* **What the exercise asks**
Please set down the data again exactly, minus the pictures.

---------- Source records

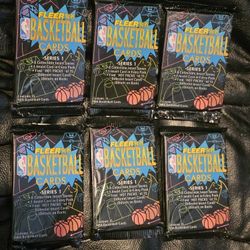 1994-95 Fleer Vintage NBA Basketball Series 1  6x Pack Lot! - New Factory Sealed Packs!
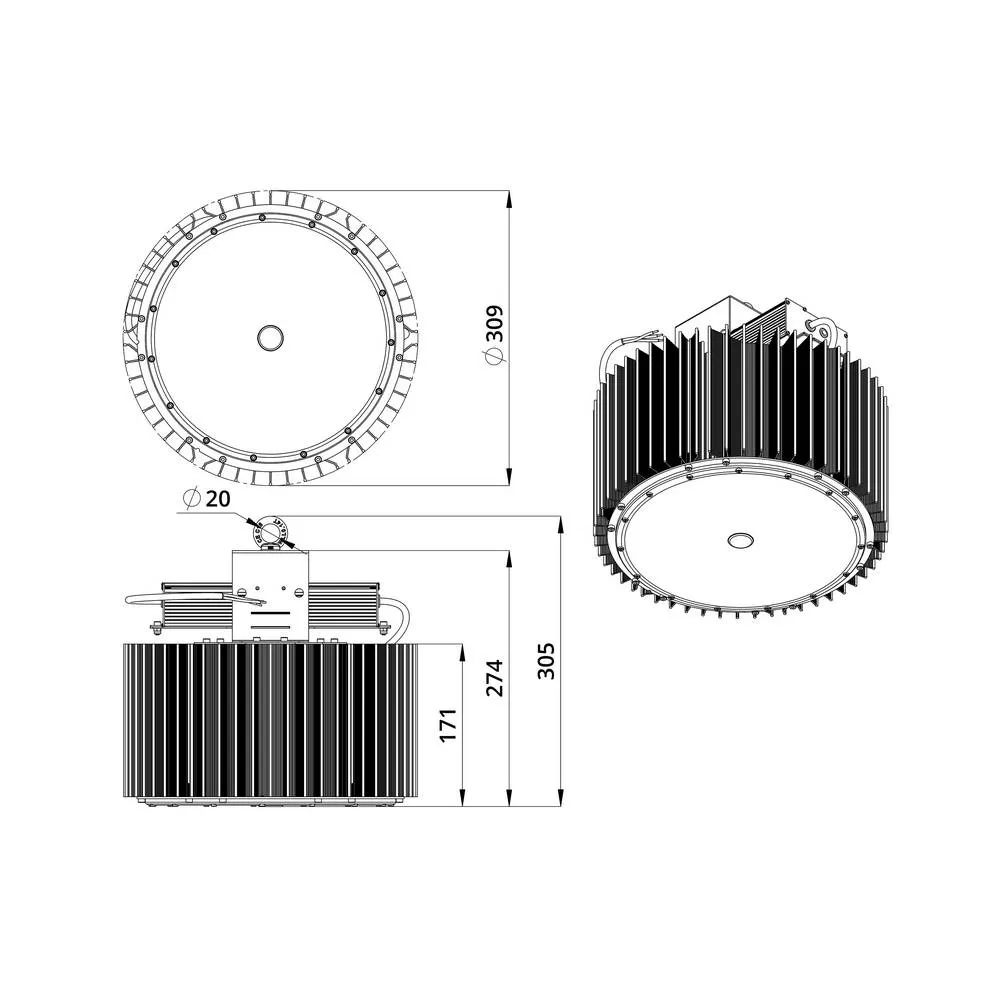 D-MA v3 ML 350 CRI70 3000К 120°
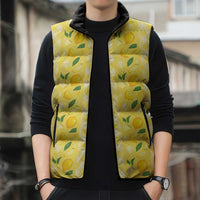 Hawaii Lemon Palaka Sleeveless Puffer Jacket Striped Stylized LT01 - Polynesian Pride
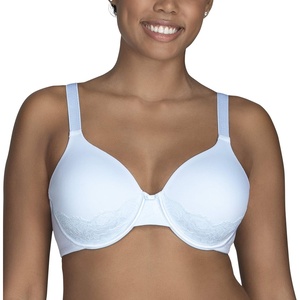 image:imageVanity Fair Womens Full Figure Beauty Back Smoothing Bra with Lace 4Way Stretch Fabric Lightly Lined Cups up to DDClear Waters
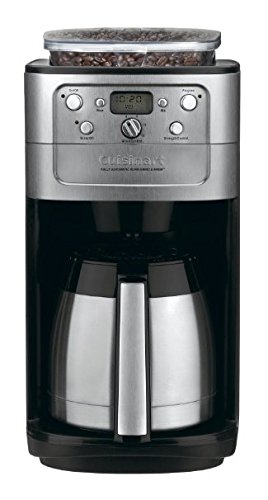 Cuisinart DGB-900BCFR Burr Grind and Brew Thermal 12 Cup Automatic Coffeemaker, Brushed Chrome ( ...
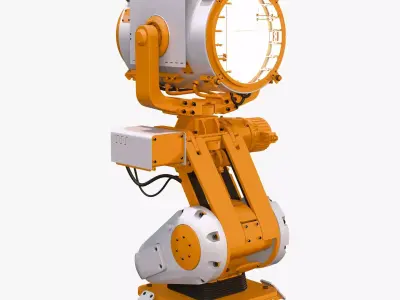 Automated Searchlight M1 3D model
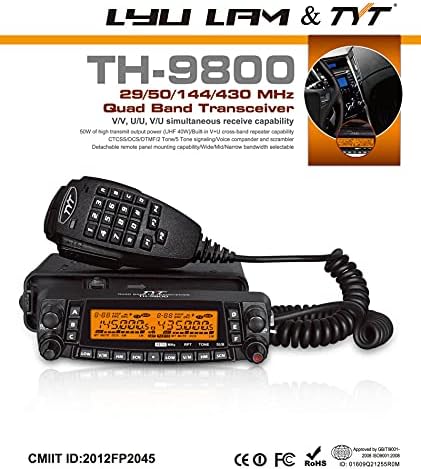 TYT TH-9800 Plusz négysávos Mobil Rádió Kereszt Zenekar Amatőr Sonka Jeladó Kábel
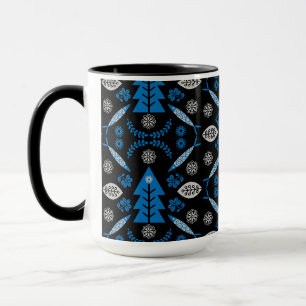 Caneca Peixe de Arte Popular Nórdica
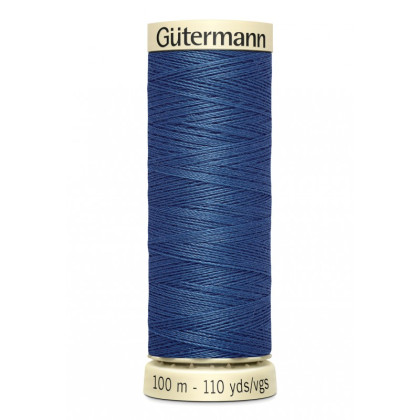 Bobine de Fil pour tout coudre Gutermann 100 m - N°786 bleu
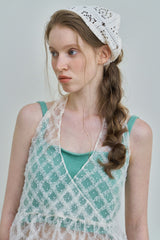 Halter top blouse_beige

--------------------

* **Answer space**
 1994-95 Fleer Vintage NBA Basketball Series 1  6x Pack Lot! - New Factory Sealed Packs!
 D-MA v3 ML 350 CRI70 3000К 120°
 Hawaii Lemon Palaka Sleeveless Puffer Jacket Striped Stylized LT01 - Polynesian Pride
 image:imageVanity Fair Womens Full Figure Beauty Back Smoothing Bra with Lace 4Way Stretch Fabric Lightly Lined Cups up to DDClear Waters
 Cuisinart DGB-900BCFR Burr Grind and Brew Thermal 12 Cup Automatic Coffeemaker, Brushed Chrome ( ...
 Automated Searchlight M1 3D model
 TYT TH-9800 Plusz négysávos Mobil Rádió Kereszt Zenekar Amatőr Sonka Jeladó Kábel
 Caneca Peixe de Arte Popular Nórdica
 Bobine de Fil pour tout coudre Gutermann 100 m - N°786 bleu
 Halter top blouse_beige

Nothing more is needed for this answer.